Mensuração ambiental em xeque

O Cerrado é o segundo maior bioma no Brasil, com mais de 2 milhões de km² e concentra oito nascentes das 12 bacias importantes para o consumo de água e geração de energia no país. A preservação dele pode influenciar em situações de crises hídricas, já que o bioma está ligado ao abastecimento de oito das 12 regiões hidrográficas do país (veja mapa acima).

Na região da bacia do Rio Paraná, que abastece Itaipu, o Cerrado responde por quase 50% de toda a vazão. As regiões do São Francisco, do Parnaíba e do Paraguai – esta última ligada ao Pantanal – têm uma dependência hidrológica ainda maior: o bioma é responsável por aproximadamente 94%, 105% e 135%, respectivamente, de toda a vazão.

Além de ter extrema relevância para o desenvolvimento do país, abriga um celeiro de produção agrícola de grãos como soja e milho, além do algodão e da pecuária.

Para além das informações que norteiam decisões sobre a economia, o apagão de dados também reflete nas medidas de contenção do desmatamento. No último levantamento, o Inpe apontou que o bioma havia registrado mais de 8.531 km² de área desmatada. A extensão corresponde a cinco vezes a cidade de São Paulo.

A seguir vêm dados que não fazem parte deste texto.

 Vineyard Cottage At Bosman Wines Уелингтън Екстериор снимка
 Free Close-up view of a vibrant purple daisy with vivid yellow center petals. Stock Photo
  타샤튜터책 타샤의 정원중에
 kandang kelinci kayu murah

Yuri Salmona, do Instituto Cerrados, explica que o apagão vem no compasso do aumento no desmatamento no Brasil e critica a posição do governo alegando que há risco não só ambiental, como econômico.

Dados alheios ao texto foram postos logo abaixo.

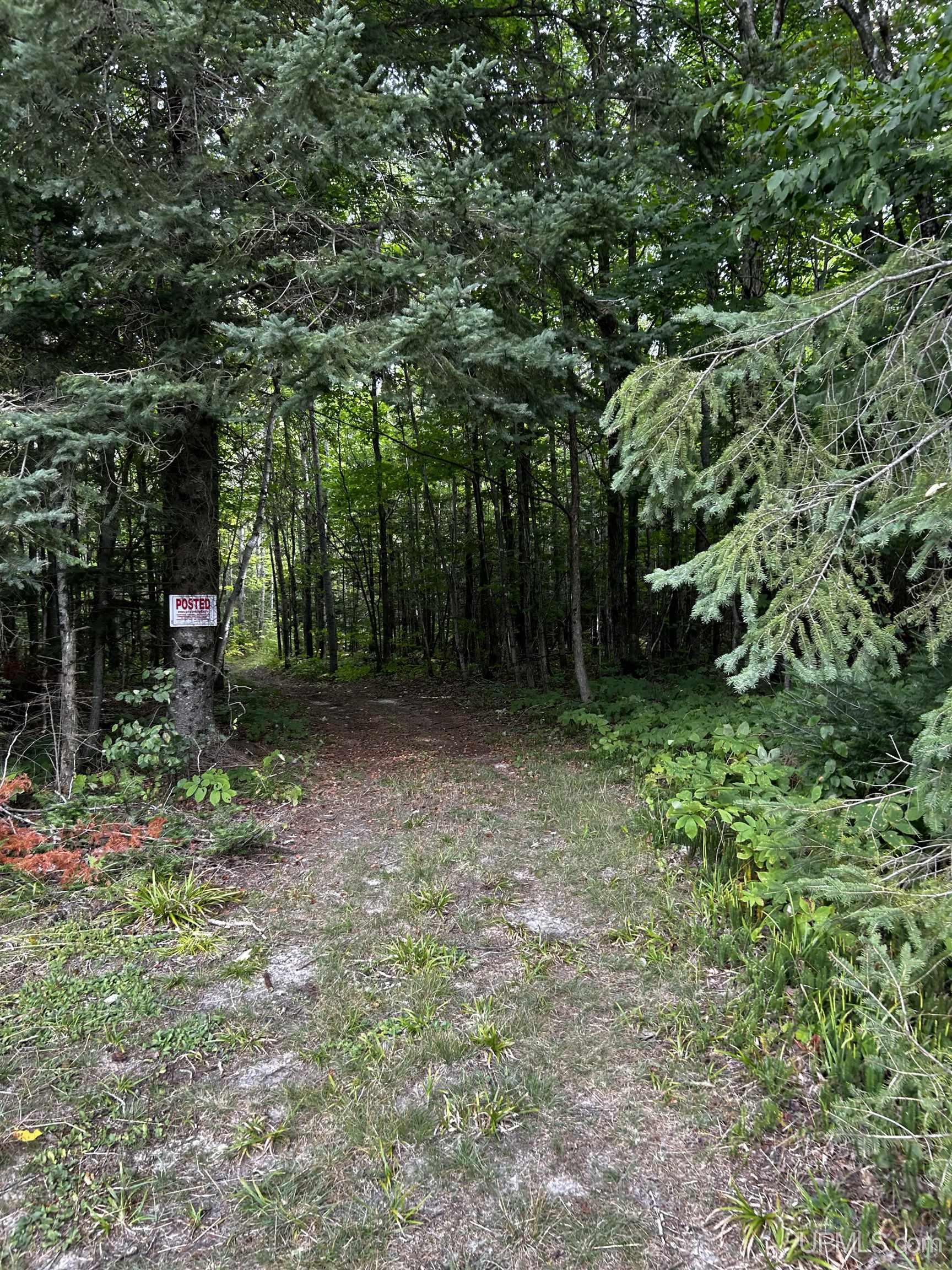 17461 W Us 2 Highway, Gould City, MI, 49838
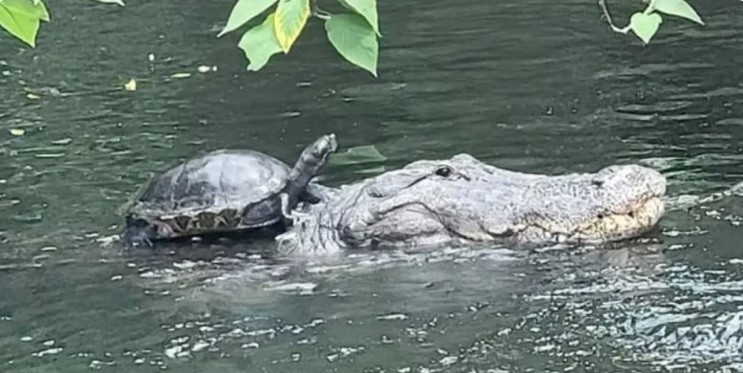 Una tortuga, "a caballo" de un caimán | Redes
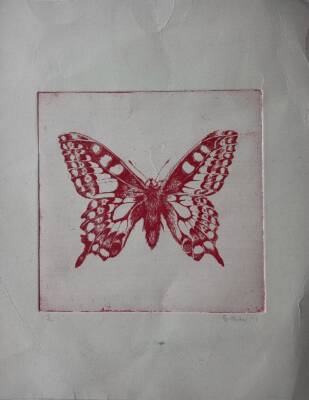 Crimson Butterfly ( She Doesn’t  Need That Anymore) by Gavin Porter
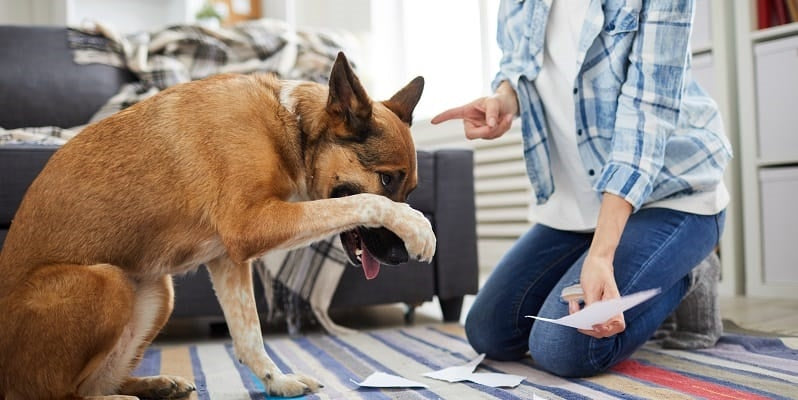 German Shepherd being told off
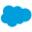 Salesforce Platform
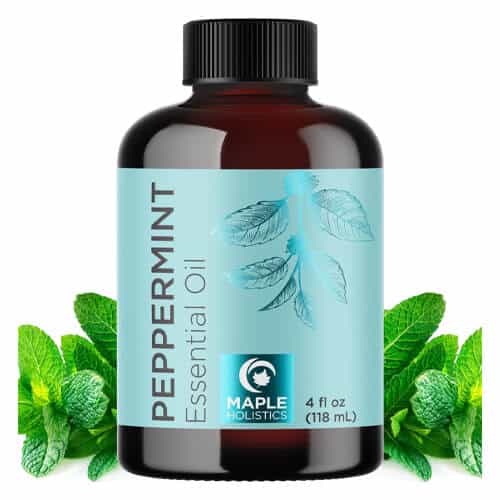 maple holistic peppermint essential oil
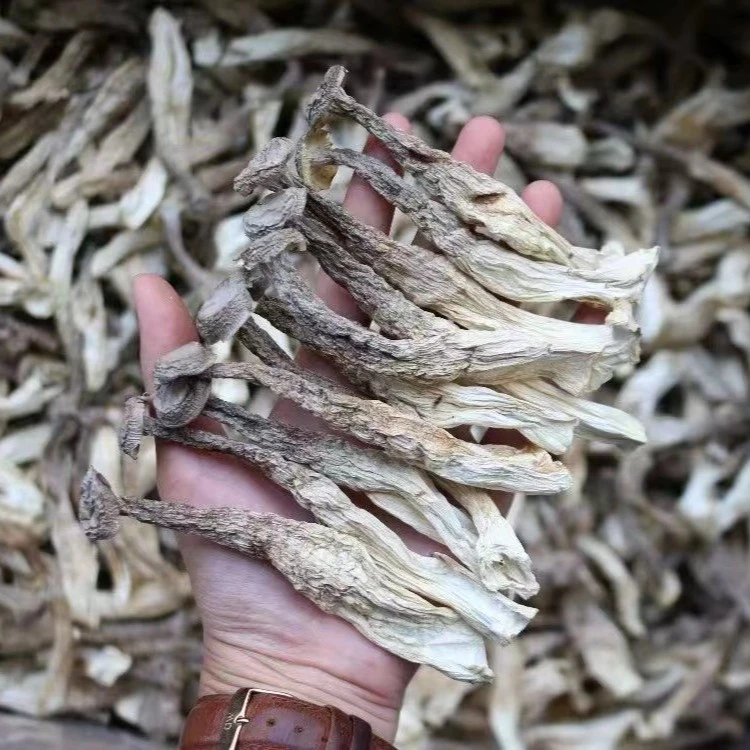 【御膳】 鹿茸菌 煲汤炒菜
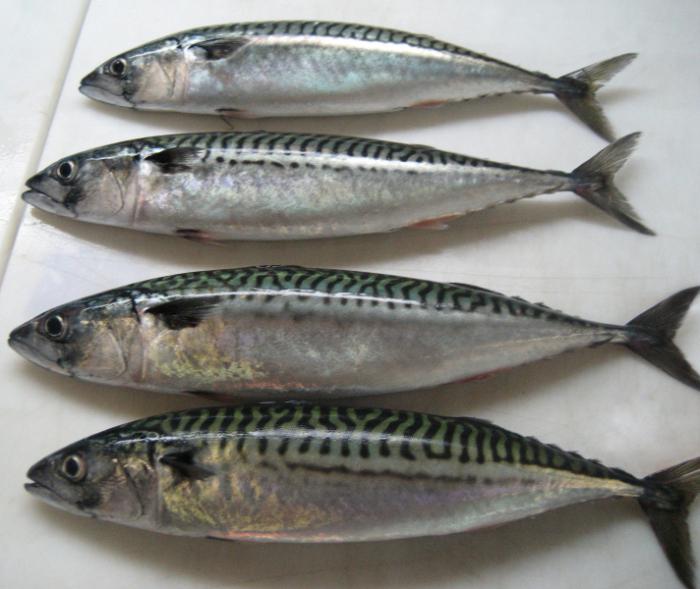 Mackerel Bonito Keluarga Ikan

“A falta de políticas de controle parece ser uma política do estado não olhar para isso. As consequências disso vão ser gravíssimas. Somos líderes de exportação de carne e commodities. Esse volume de compra tem a ver com preço e lastro ambiental, que precisa ser provado. Com um apagão como você prova isso? Como mantém a atividade econômica? ”, diz.

O Instituto Cerrados publicou nesta segunda-feira (10) uma nota que analisa alguns pontos sobre o fim do monitoramento do Cerrado pelo Inpe (leia a íntegra).

O Projeto de Mapeamento Anual do Uso e Cobertura da Terra no Brasil (MapBiomas) também publicou nesta segunda-feira uma nota na qual afirma que prepara uma alternativa, caso o projeto do Inpe seja desmobilizado, como foi anunciado (leia na imagem abaixo).

Mapbiomas publicou nota sobre fim do projeto de monitoramento do Cerrado pelo Inpe — Foto: Reprodução

Mapbiomas publicou nota sobre fim do projeto de monitoramento do Cerrado pelo Inpe — Foto: Reprodução

Valorização da ciência na berlinda

“O monitoramento é um dado do estado brasileiro, que tem a responsabilidade sobre ele. Isso é cobrado em acordos internacionais. É uma loucura que a gente como país deixe de ter uma informação como essa fora de nossas mãos”, explica Jean Ometto, especialista no bioma e pesquisador do Inpe.

Um dos acordos internacionais ligados ao bioma é o Programa de Cooperação Nipo-Brasileira para o Desenvolvimento dos Cerrados (Prodecer), feito em parceria com o Japão.

“Os dados serem do Inpe significa credibilidade em ciência robusta e independente. Não importa quem esteja no governo, quem os usa tem a certeza de que eles têm interesse exclusivo científico”, comentou Ometto.

A reportagem do g1 acionou o Ministério da Ciência e Tecnologia, mas aguardava o retorno até a publicação.